“Zhang Shengye, diplômé de l’université de Pékin en 2018, a été kidnappé par une dizaine de personnes en tenue noire dans la soirée du 9 novembre, dans le campus”, a révélé “La déclaration sur la disparition des camarades de l’université de Pékin”, deux jours après l’affaire, sur les réseaux sociaux. Cette déclaration rédigée par des étudiants de la même université indique que “deux autres diplômés ont en même temps été portés disparus”.
“Je ne sais pas au nom de quel pouvoir particulier ces personnes peuvent violer les lois et les règlements”, a tempêté Yu Tianfu, étudiant en histoire. Au moment des faits, sur place, Yu a également été victime de cette mystérieuse violence. “Ils ont non seulement kidnappé un ancien étudiant sur le campus, mais, aussi, frappé les étudiants qui passaient comme moi. Certains ont essayé de filmer cette scène de violence, ils ont été frappés à terre et obligés de supprimer la vidéo sous la menace”, se souvient Yu dans un communiqué. “Si ce n’est pas un acte de mafia, qu’est-ce que c’est ?” s’interroge-t-il.
Si, par prudence, les étudiants n’ont pas identifié les personnes violentes, certains Chinois désignent clairement le pouvoir. “La gestion du campus est très stricte, les personnes extérieures n’ont aucune possibilité d’y pénétrer et d’y créer des problèmes”, estime Tao, juriste, sur Radio Free Asia. “Vingt-neuf ans après l’affaire du 4 juin (massacre de Tian’anmen en 1989, où le mouvement prodémocratie des étudiants a été réprimé dans le sang par les autorités), c’est la première fois qu’un acte de violence des policiers civils se produit dans le campus de l’université de Pékin. Cela a provoqué une grande inquiétude”, selon cette radio.
Empêcher la création d’un syndicat
Spontanément, le lien a été fait entre la disparition des étudiants et leur soutien au mouvement ouvrier de la société de robotique Jasic à Shenzhen, qui se mobilise depuis juillet pour la création de leur syndicat, afin de revendiquer leurs droits. “Le mouvement ouvrier de Jiashi est soupçonné d’être incité par des ONG étrangères. Plusieurs représentants ouvriers et du personnel d’ONG ont été arrêtés”, rapporte Ming Pao, journal de Hong Kong.

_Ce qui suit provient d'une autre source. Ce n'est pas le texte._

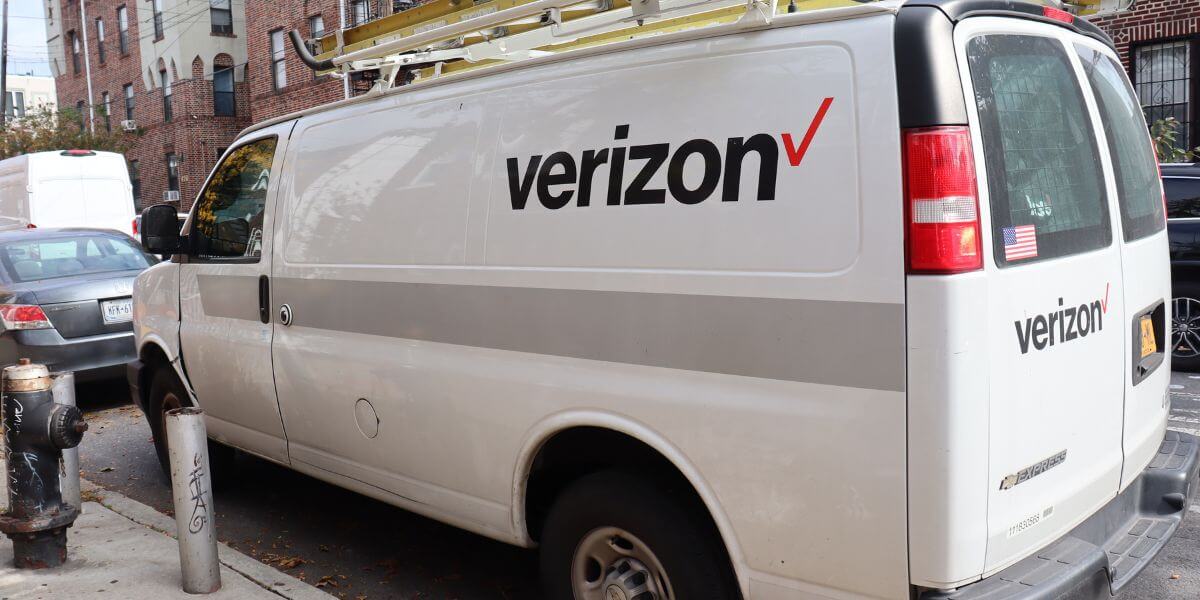 verizon truck parked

Deux anciennes étudiantes de l’université de Pékin, Gu Jiayue et Yue Xin (diplômées de 2016 et de 2018), ont été arrêtées le 24 août par la police en raison de leur soutien aux ouvriers de Jasic. “Leur famille n’a reçu aucun document juridique ni avis”, indique une déclaration, rédigée par des étudiants “le groupe pour la recherche des camarades Yue (cette prononciation est dans les nom ou prénom de deux disparues)”. Or, le kidnapping de Zhang Shengye n’est que la suite de cette affaire, car Zhang est l’un des organisateurs de ce groupe.
Ces étudiants disparus “ont une caractéristique commune : ils suivent de près, depuis longtemps, les droits de la classe vulnérable. Ils soutiennent activement les revendications des ouvriers pour leurs droits”, souligne la déclaration du groupe de soutien aux étudiants disparus de l’université de Pékin.
Fondée en 1898 à la fin de la dynastie Qing, hors son statut académique, l’université de Pékin est un symbole culturel national, qui porte “l’esprit de la liberté et de l’indépendance de la pensée”. Les moindres mouvements dans cette université attirent l’attention du public, mais cette fois, face à la mobilisation des étudiants sur les réseaux sociaux, la presse chinoise n’en a pas dit un mot.